Please return only the lines between the line with "Poecilus cupreus" and the final line of the entries, both included, and exclude pictures.

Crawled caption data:

______

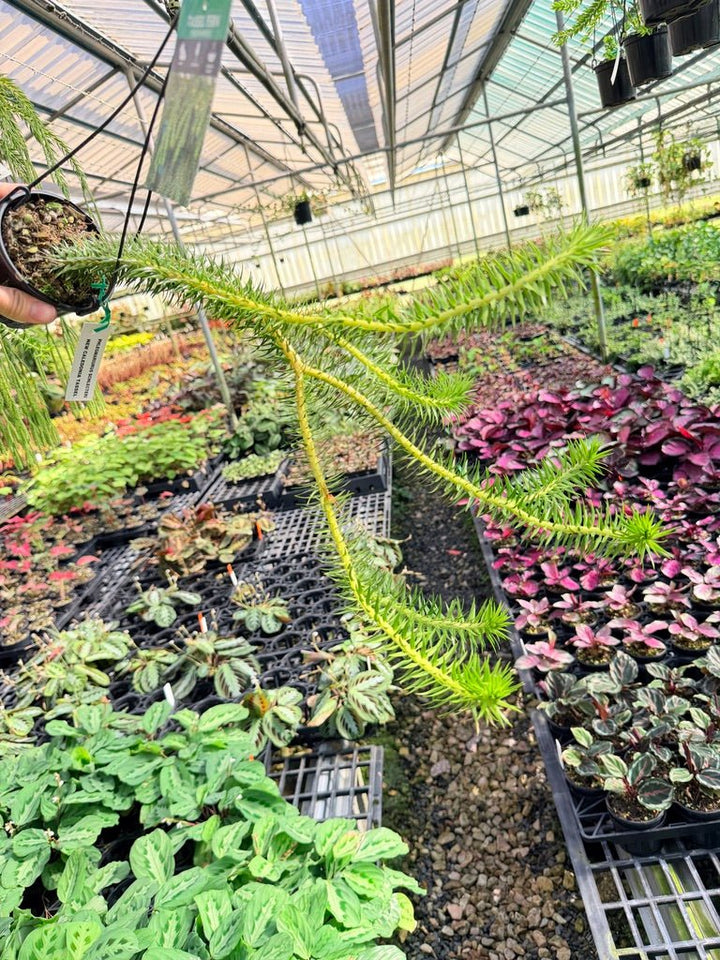 Handpicked 70 - Phlegmariurus Schlechteri [Huperzia Schlechteri] - New Caledonia tassel ** WA Prohibited ** | Uprooted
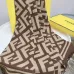 Fendi Scarf #99913360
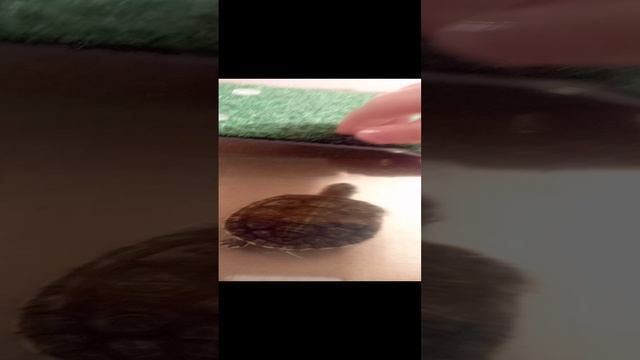 красноухая черепаха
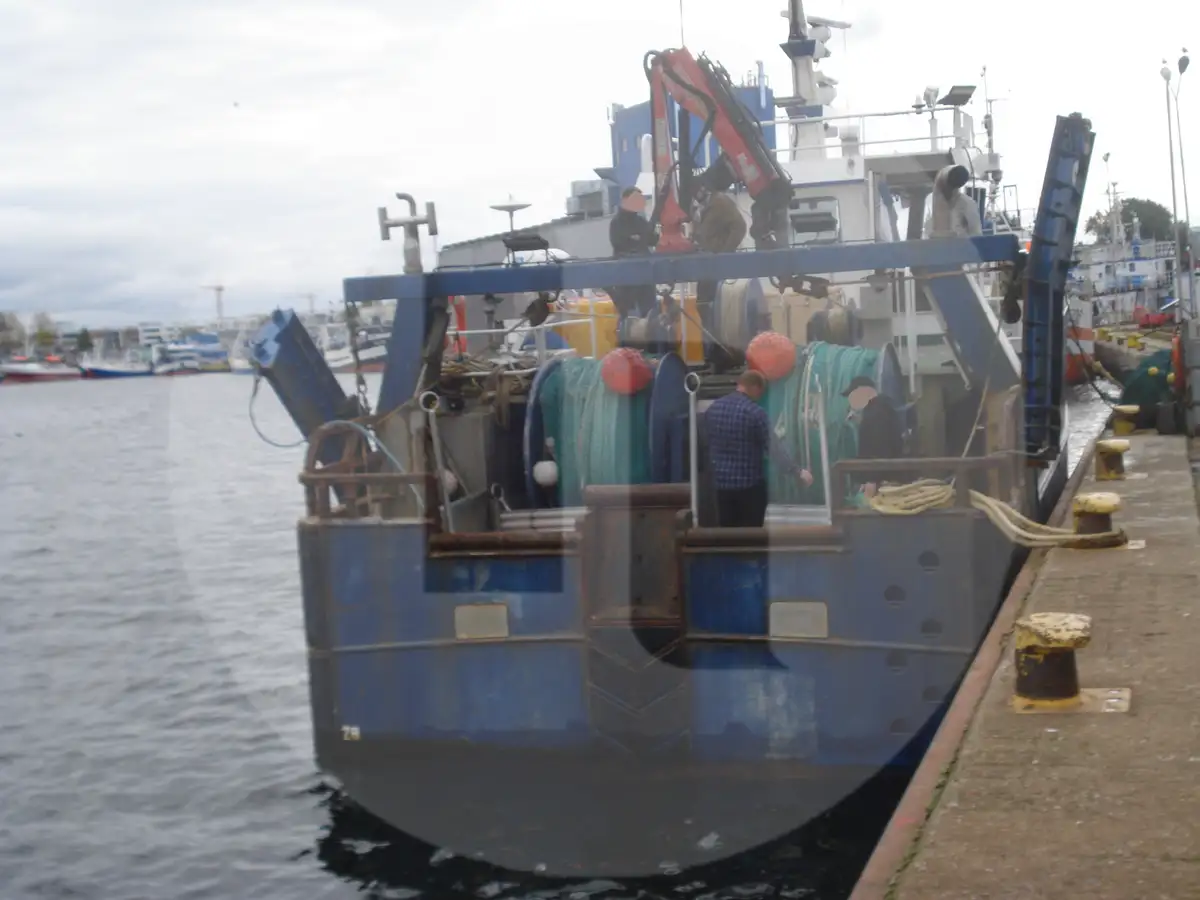 เรือบรรทุกปลาเป็น สำหรับขาย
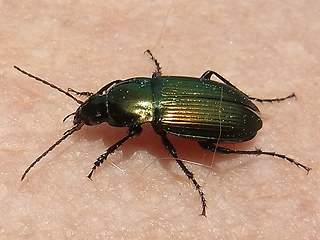 Poecilus cupreus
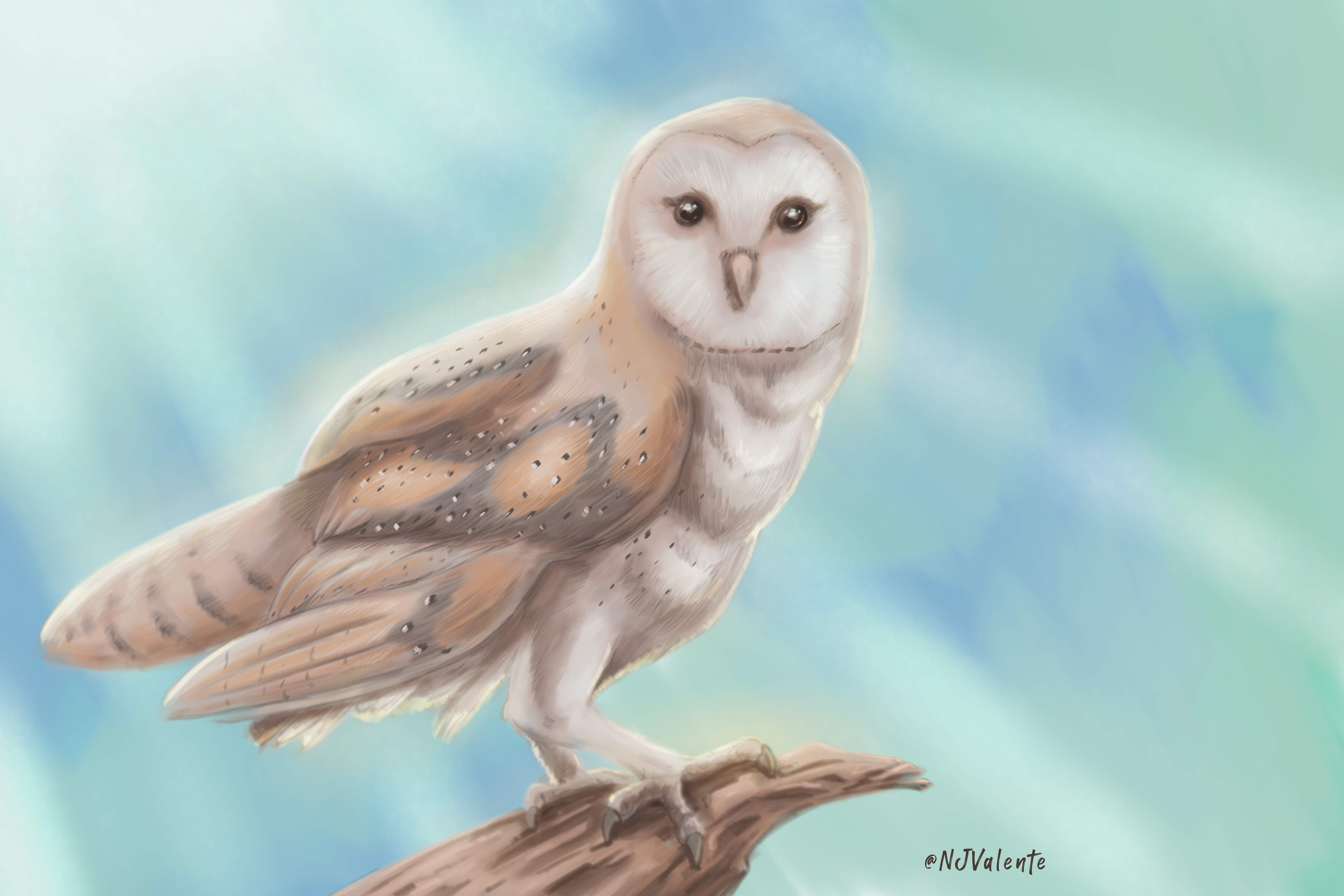 Barn owl digital painting done in Corel Painter.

______

→ Written answer
 Poecilus cupreus
 Barn owl digital painting done in Corel Painter.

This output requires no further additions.